What are some of your office’s goals for this year?
We’re putting a lot of effort into trying to get more Japanese tourists to come to Ireland. We’ve re-launched a Japanese-language website for tourism, and we’re hoping it will help raise our profile and get more Japanese visitors to come and see what we have to offer as a tourist product. We think it’s going well so far. It has certainly helped raise the profile among travel agencies here. We’ve seen a rise in interest in Ireland as a tourism destination as a result, which is very encouraging.

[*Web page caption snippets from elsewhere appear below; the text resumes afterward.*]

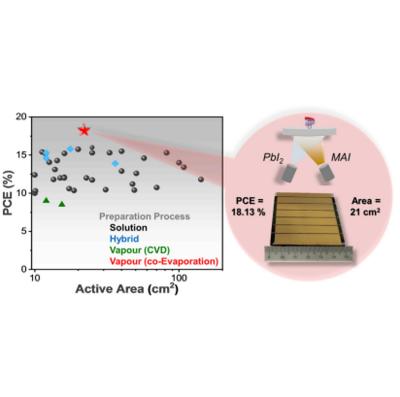 Highly Efficient Thermally Co-evaporated Perovskite Solar Cells and Mini-modules image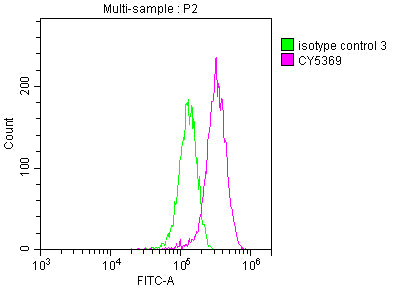 Overlay histogram showing HepG2 cells stained with RAC07484 (red line) at 1:50. The cells were incubated in 10% normal goat serum to block non-specific protein-protein interactions followedby the antibody (1ug/1*106 cells) for 1 h at 4?.The secondary antibody used was FITC-conjugated goat anti-rabbit IgG (H+L) at 1/200 dilution for 30min at 4?. Control antibody (green line) was Rabbit IgG (1ug/1*106 cells) used under the same conditions. Acquisition of >10,000 events was performed.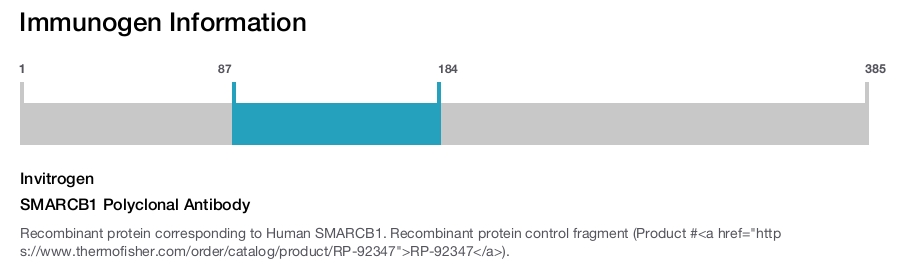 SMARCB1 Polyclonal Antibody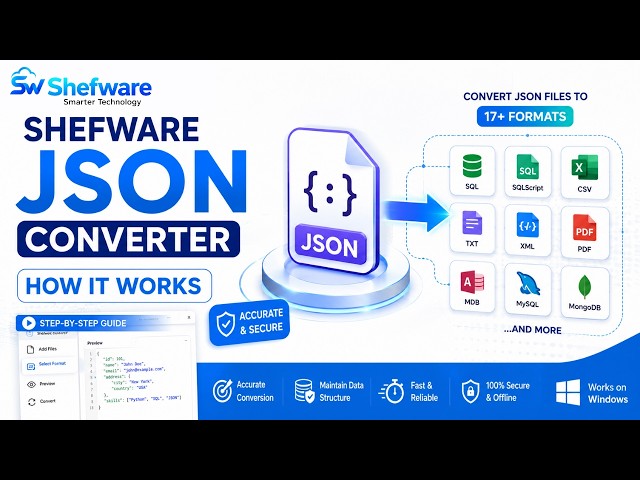 Shefware JSON Converter | Convert JSON Files to 17+ Formats Easily & Securely#viral #shorts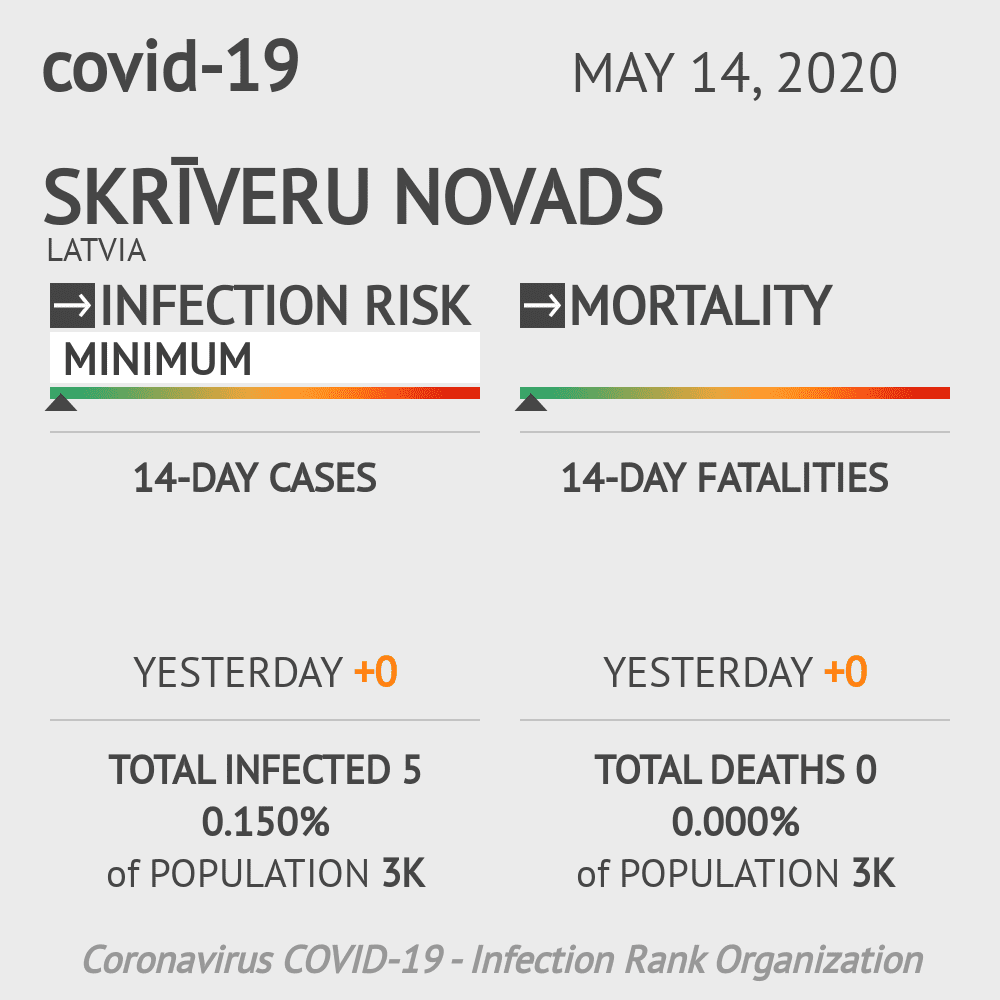 Skrīveru novads Coronavirus Covid-19 Risk of Infection on May 14, 2020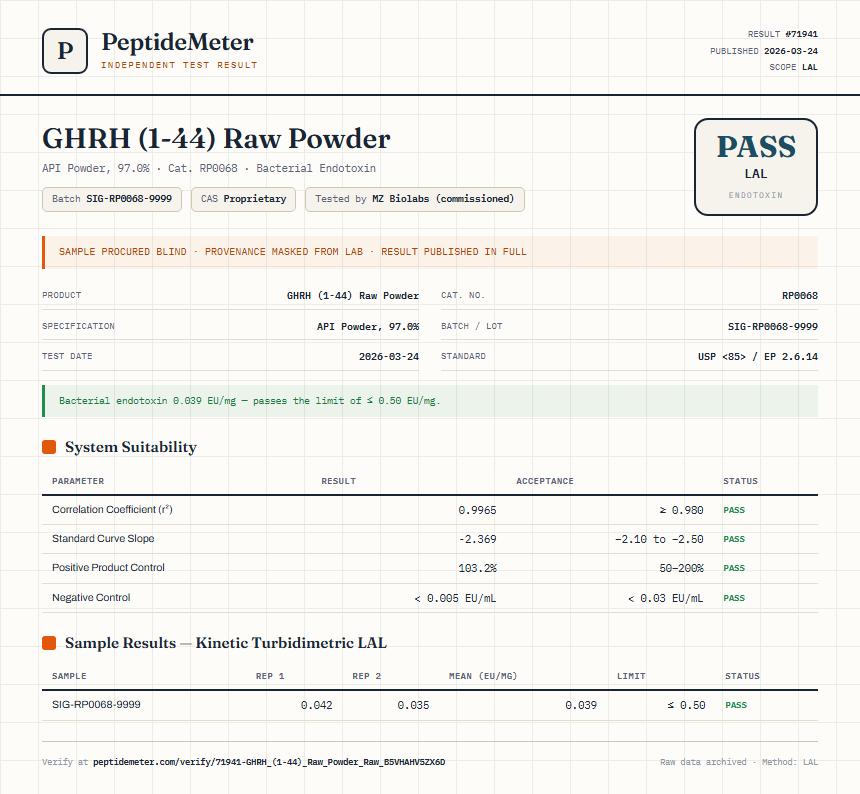 GHRH (1-44) Raw Powder Endotoxin report by PeptideMeter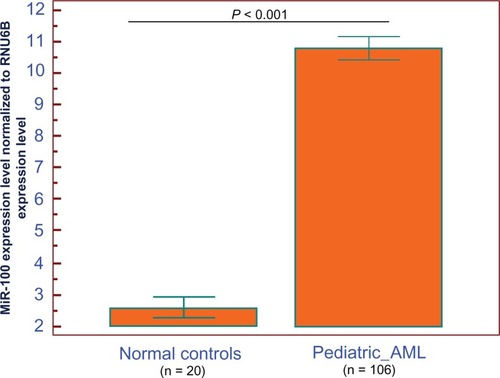 Figure 1 MicroRNA-100 (miR-100) expression in 106 pediatric acute myeloid leukemia (AML) patients and normal controls.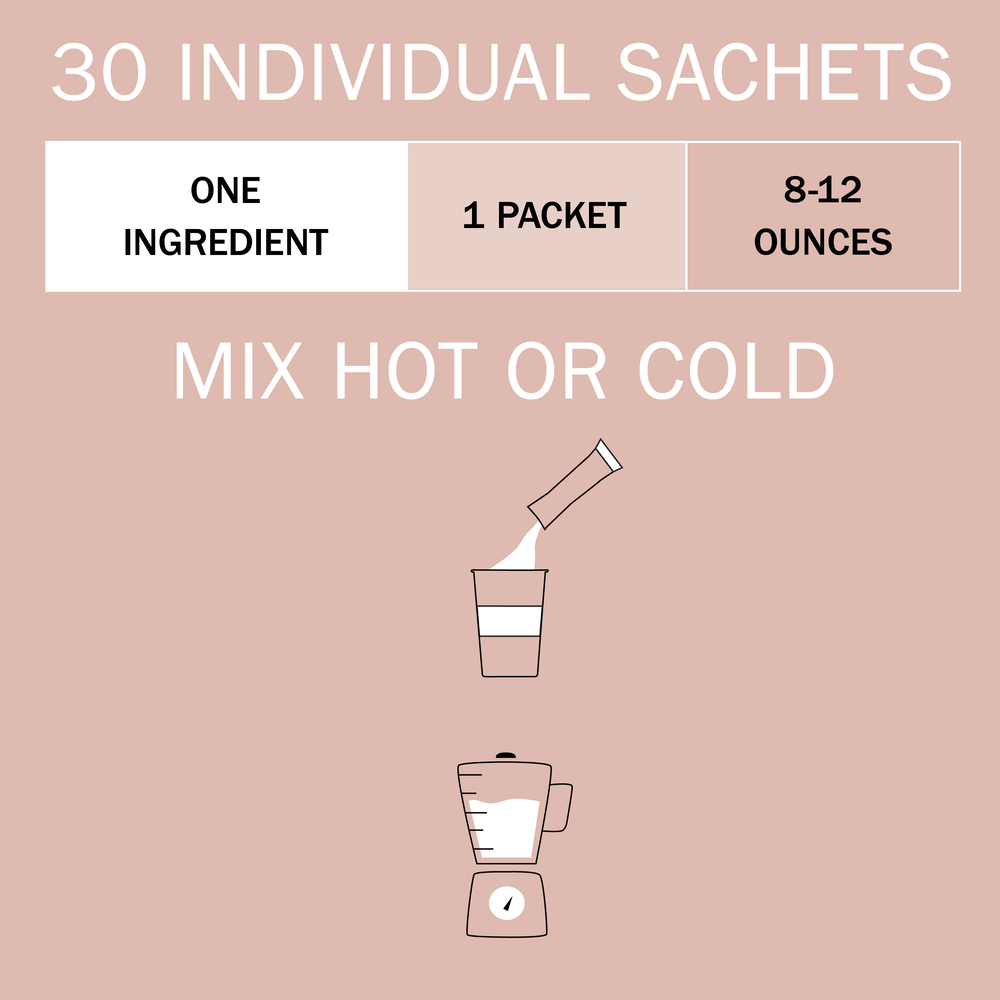 Unflavored Collagen Peptides, 30 Single Servings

The big issue now is Brexit and the impact it will have on the Irish economy, and on Japan. I think most Japanese companies, and people generally, have been incredulous that the UK would wish to leave its largest trading partner, one of the largest and best-operating markets in the world. So, we would like to let Japanese companies know that Ireland is an ideal location if they decide to quit the UK: we speak English; we have the same legal system; our labour laws are quite similar. For example, for banks that are worried about passporting rights, Ireland would be the ideal location to come to. We’re one of the most globalised countries in the world. And we think we have a very good offering for Japanese companies.
How is the embassy celebrating the 60th anniversary of diplomatic relations between Ireland and Japan?
We’ve had a number of high-level visits. Foreign Minister Fumio Kishida visited Ireland in January to launch the year. And our Foreign Minister Charlie Flanagan visited here at the end of February. And over the St. Patrick’s Day period, we had the Minister of Public Expenditure and Reform, Paschal Donohoe.
We’re focusing quite a bit on cultural activities. We had a Celtic Noh performance, based on a WB Yeats’ play called At the Hawk’s Well. It was a wonderful production, with a Celtic voice choir working with the Noh actors. At Meiji Shrine, there was a symposium on Lafcadio Hearn at the beginning of June. And then in September, we have an Irish theatre group coming out to perform Waiting for Godot in both Tokyo and Kyoto.
And we are looking forward to a trade mission at the end of the year.
Could you give me a few details about the annual Ireland Trophy horseracing event in Japan?
It’s held every October. It has been a Class-4 race, but — because it’s the 60th anniversary of diplomatic relations — it’s going to be upgraded to a Group 2, which is quite significant in that it’s a much higher-ranking race, with more profile.
The Japan Racing Association is really an excellent organisation. Some people say that horseracing in this country is the best organised in the world. The prize money is very good, as is the care of every horse that enters the races.
I think sporting events are important because they allow countries to get to know each other better, they’re fun, and you can have lots of fans meeting each other. We have seen this with two Ireland vs. Japan rugby test matches here. And we are looking forward to the 2019 Rugby World Cup, which should be a wonderful event.
What are some specific areas of collaboration between Ireland and Japan?
In science and technology, for example, we had a programme which allowed researchers to collaborate. We brought Irish researchers over to Japan and asked Japanese researchers to Ireland. This has resulted in a range of collaborations between the two countries. And we want to see more of that: innovation leading to more innovation and growth.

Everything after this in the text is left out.